CHAMPAIGN – Light up, everybody! Champaign apparently isn't going to become a smoke-free city in any way, shape or form.
In front of a standing-room-only crowd Tuesday night, the Champaign City Council narrowly rejected a proposal to ban smoking in city restaurants, bars and other public places.
The proposal was defeated 5-4 during the council study session.
The only proposition that could gain a council majority, also by a 5-4 vote, was to leave the city's smoking regulations as they are.
No ifs, ands or butts about it.
Six of the council's nine members made clear they favor some kind of smoke-free proposal – but they couldn't form a majority around a single proposal.
Scott Hays, president of the CU Smokefree Alliance, which had lobbied hard for some form of smoking ban, expressed disappointment with the outcome.
"It looks to me like it was a sound rejection," Hays said. "We'll certainly go to Urbana, given that Champaign has done nothing. We hope Urbana will show more leadership than the city of Champaign.
"I think they made a very poor decision in terms of public health and hurt the image of Champaign as a positive, progressive community," he added.
The study session originally was called to consider whether to ban smoking in all restaurants except those that hold a Class A (bar) liquor license. The council wound up not voting on that proposal after council members Kathy Ennen and Marci Dodds made it clear they could not support it – meaning the proposal lacked majority support.
Both Ennen and Dodds said if the city is going to ban smoking, it has to be in all public places, not just in restaurants. They both later voted in favor of a comprehensive ban.
"If the issue is a public health issue, then it has to be banned in all public places – restaurants, bars and workplaces," said Ennen, who is a nurse.
"I didn't think it was fair," said Dodds. "Don't pick out one group of people (restaurants) and say 'You're going down for a cause.'"
Some restaurant owners complained that their smoking patrons would simply transfer their businesses to bars that serve food if the restaurant-only ban was approved.

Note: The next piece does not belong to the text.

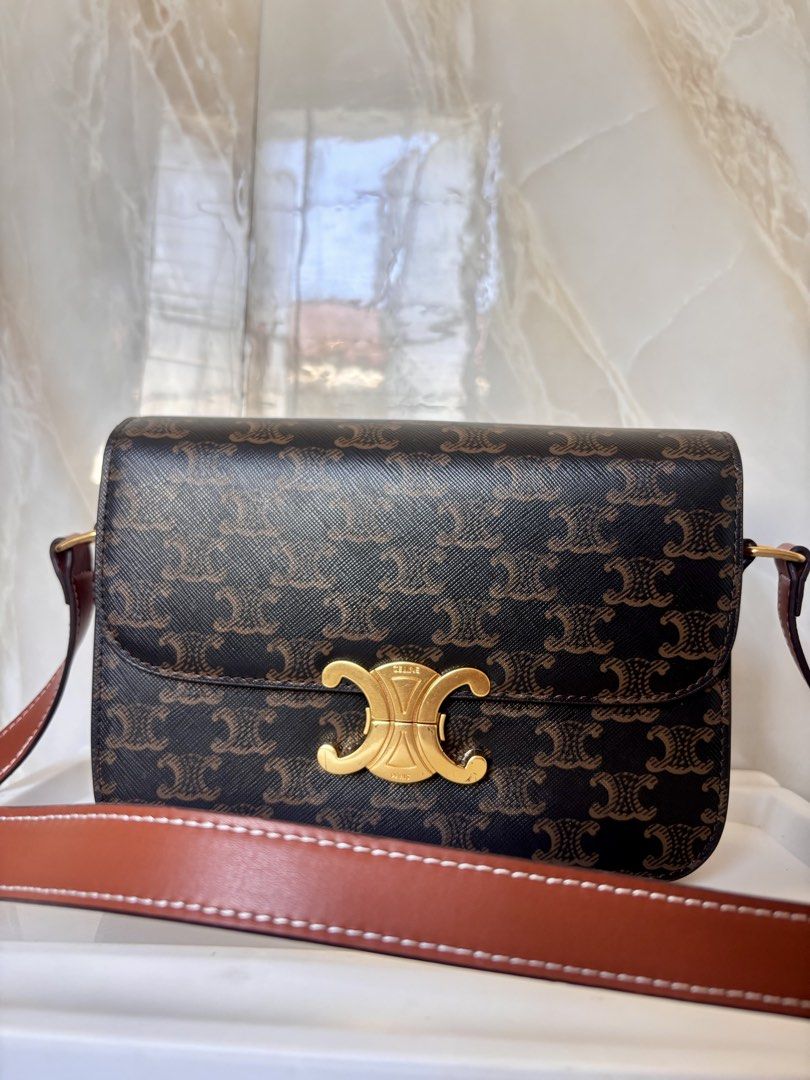 Celine Triomphe Canvas Shoulder Bag Brown (Category: Luxury Bags & Wallets) located in Caloocan City. Submitted by lovelj_2026 (Listing ID 1464251345, Image 1). Description: Preloved japan bag Still in good condition Minimal sign of usage Please manage your expectaions - Authentic Celine shoulder bag - Iconic Triomphe canvas in brown and tan - Signature gold-tone Triomphe clasp - Adjustable leather shoulder strap - Versatile for everyday or speci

Council members Giraldo Rosales, Ken Pirok, Tom Bruno and Gina Jackson supported a restaurant-only smoking ban, which would have affected about 130 city restaurants that currently allow smoking. A similar number of restaurants are already smoke free.

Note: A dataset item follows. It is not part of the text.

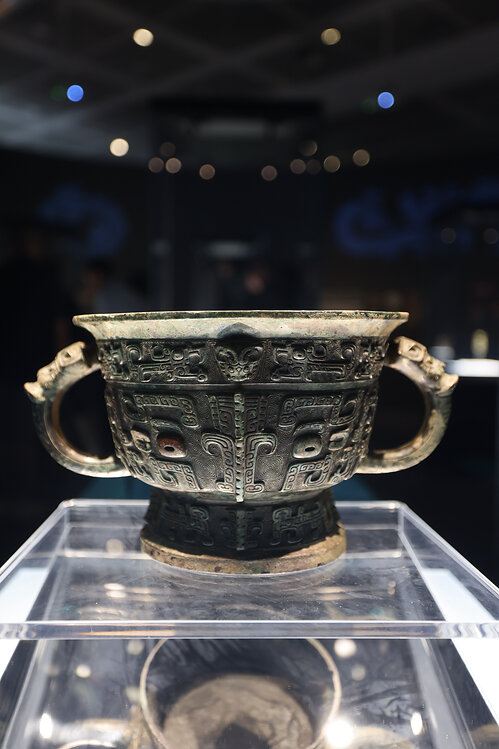 A bronze gui  vessel with taotie motifs, reflecting the sophisticated bronze-casting techniques  of the Shang Dynasty (c. 16th century-11th century BC).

Champaign Mayor Jerry Schweighart and council members Vic McIntosh, Mike La Due, Ennen and Dodds opposed a restaurant-only ban.
When it came to a comprehensive smoking ban, Pirok and Jackson switched sides and voted with the mayor, La Due and McIntosh to snuff out that proposal.
Ennen, Dodds, Bruno and Rosales favored a comprehensive ban.
Jackson, a 23-year Army veteran, said she couldn't support making American Legion and Veterans of Foreign Wars clubs smoke-free.
The meeting attracted an overflow crowd of both smoking-rights supporters and smoke-free advocates, with the anti-smoking supporters making up a much larger segment of the audience.
Audience members spoke passionately on both sides of the issue.
Dr. Robert Scully, chief medical officer with Health Alliance Medical Plans, said second-hand smoke is a health hazard and that he believes smoking should be banned in all public places.
He cited a recent study in a medical journal called Circulation, which deals with the heart, that found exposure to second-hand smoke in even limited amounts was a serious health hazard.
"The effects of even brief (minutes to hours) exposure to passive smoking are often nearly as large, 80 to 90 percent, as chronic active smoking," he said, quoting the study.
But Eric Meyer, owner of Pia's and Kam's taverns in Champaign, said the council shouldn't regulate smoking.
"This is a business decision," he said. "It's a choice of adults to make responsible decisions of where they elect to take their food and beverage dollars."